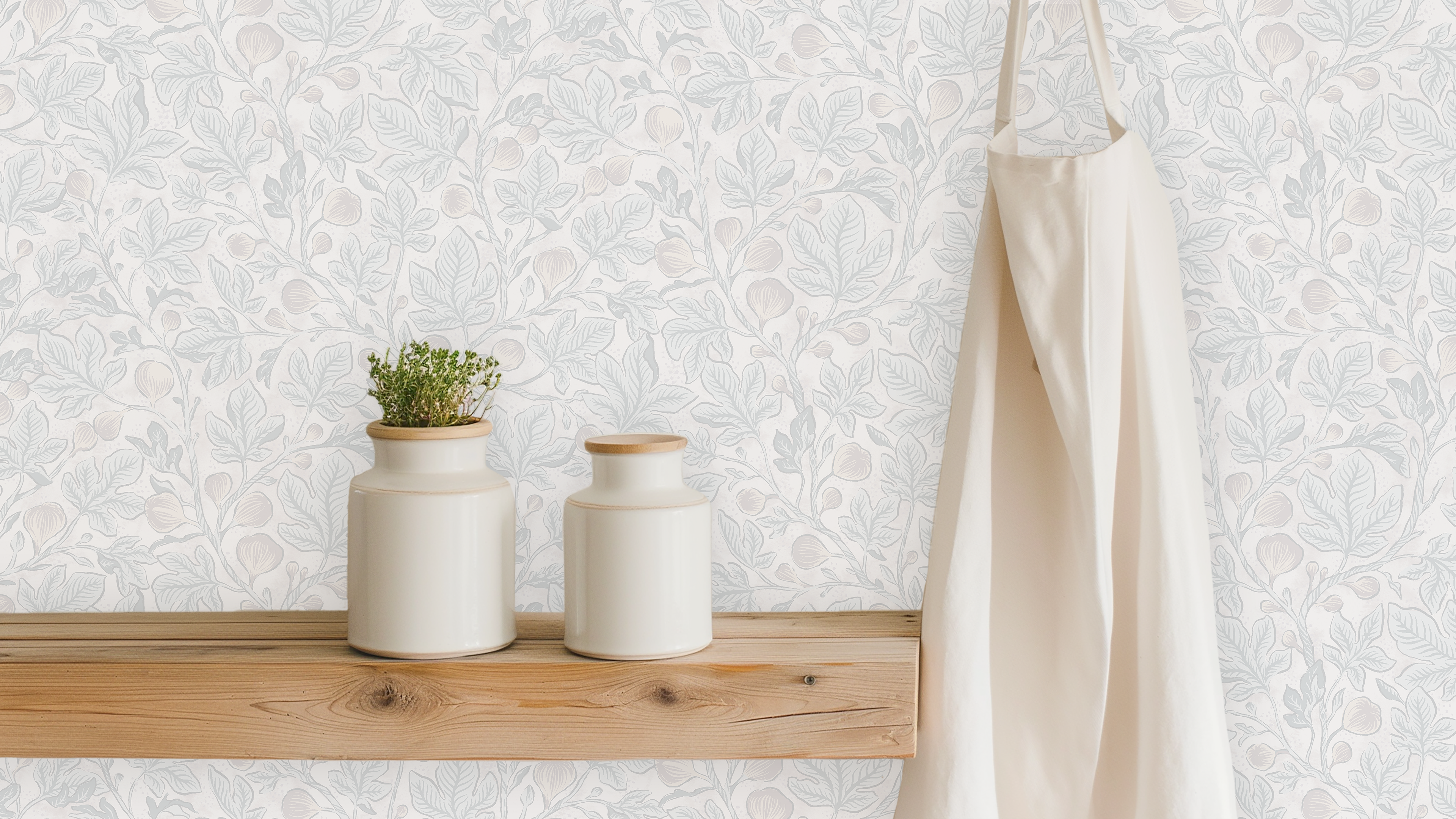 Fig Tree - Silver - Elegant tapet med fikonträd i silvertoner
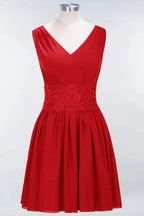 Lace V-Neck Sleeveless Mini Bridesmaid Dresses A-line Chiffon Homecoming Dress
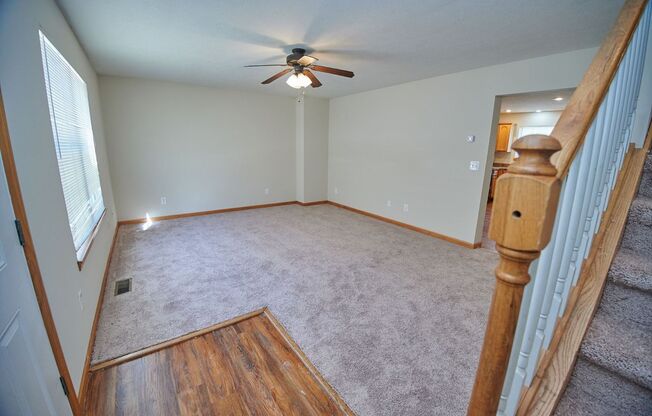 3 beds, 2.5 baths, 1,364 sqft, $1,420, Unit 37W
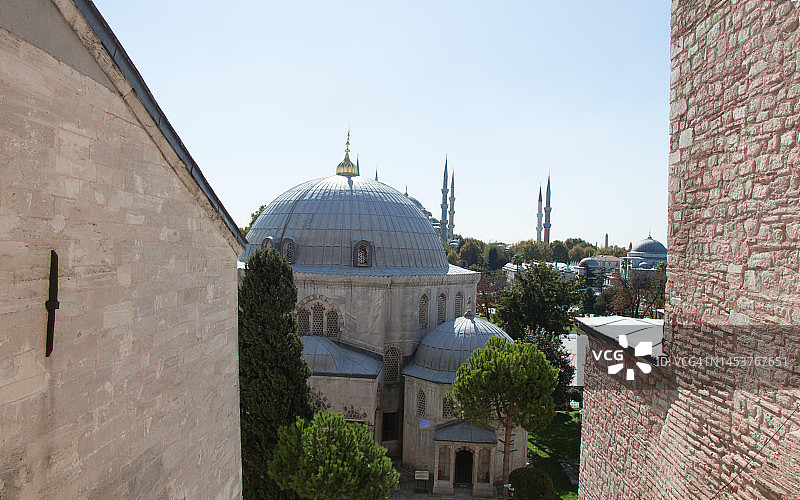 土耳其伊斯坦布尔奥斯曼建筑的穹顶外观图片素材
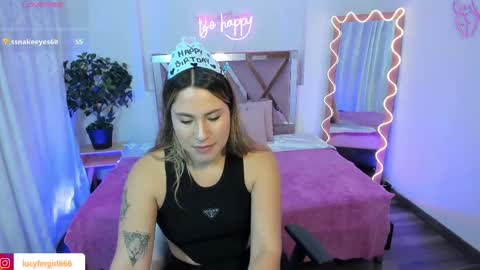 Snapshot of saaya_tay chatting on 02/24/25, 11:54 saaya_tay online show from 02/24/25, 11:54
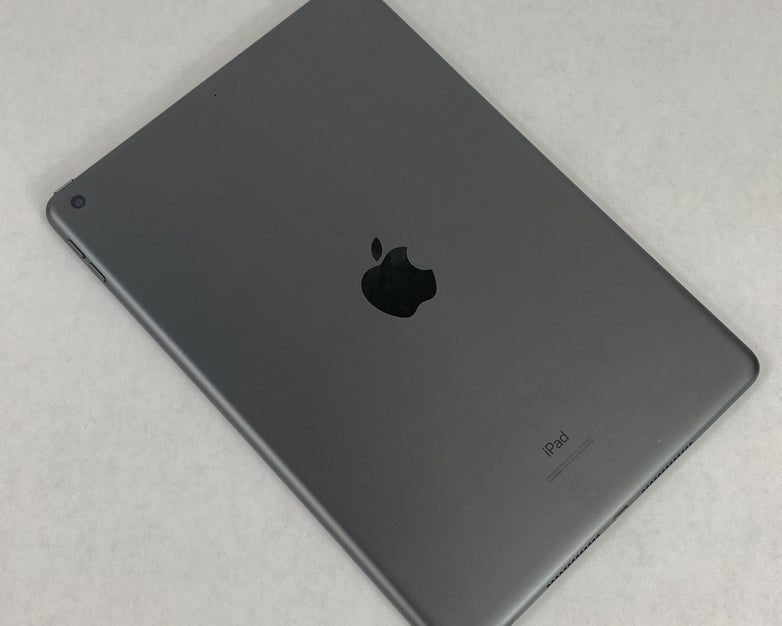 Apple iPad 7th Gen A2197 32GB Retina 10.2" Wi-Fi Space Gray IOS 18.7.9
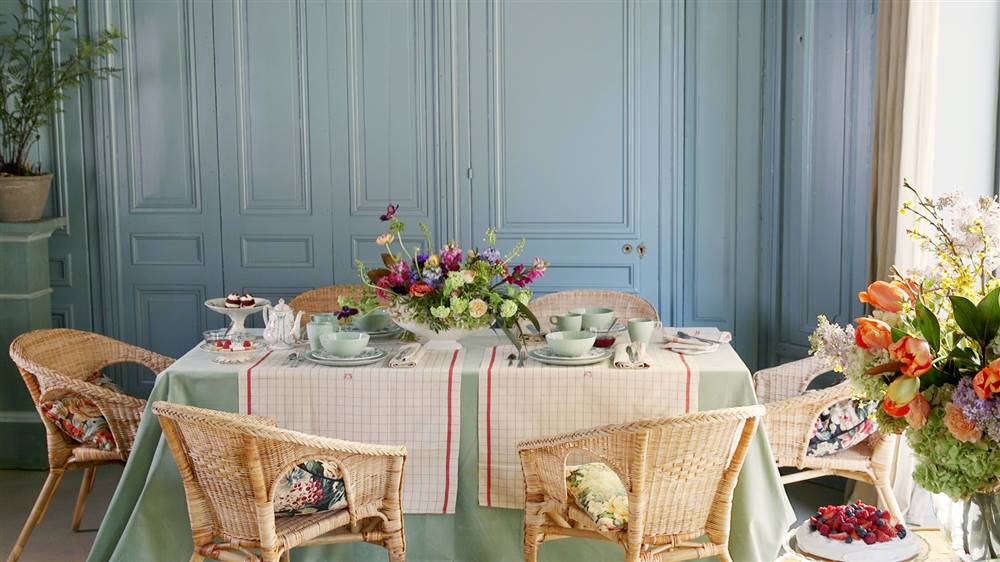 Una mesa con flores con Sally Hambleton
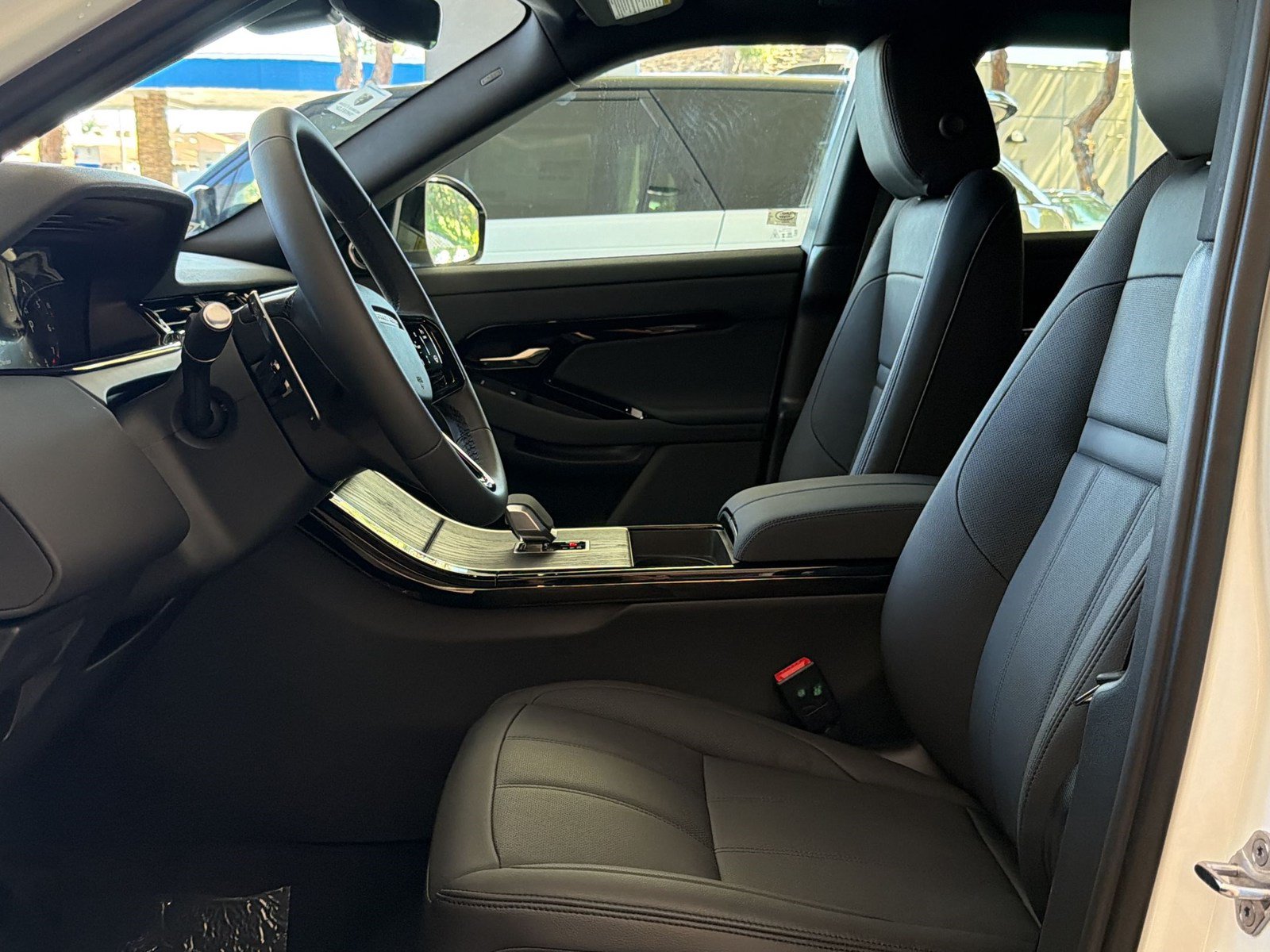 New 2026 Land Rover Range Rover Evoque S AWD/4WD image 5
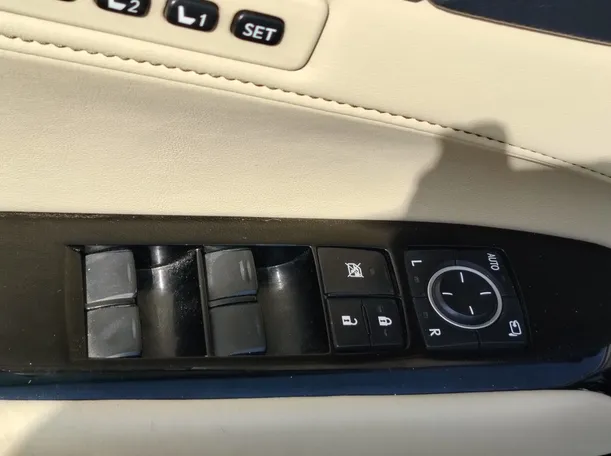 Car image 26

Instructions for the task | A word-for-word restatement of all the lines above is needed, with the pictures omitted.

Output of the exercise |
 Fig Tree - Silver - Elegant tapet med fikonträd i silvertoner
 Lace V-Neck Sleeveless Mini Bridesmaid Dresses A-line Chiffon Homecoming Dress
 3 beds, 2.5 baths, 1,364 sqft, $1,420, Unit 37W
 土耳其伊斯坦布尔奥斯曼建筑的穹顶外观图片素材
 Snapshot of saaya_tay chatting on 02/24/25, 11:54 saaya_tay online show from 02/24/25, 11:54
 Apple iPad 7th Gen A2197 32GB Retina 10.2" Wi-Fi Space Gray IOS 18.7.9
 Una mesa con flores con Sally Hambleton
 New 2026 Land Rover Range Rover Evoque S AWD/4WD image 5
 Car image 26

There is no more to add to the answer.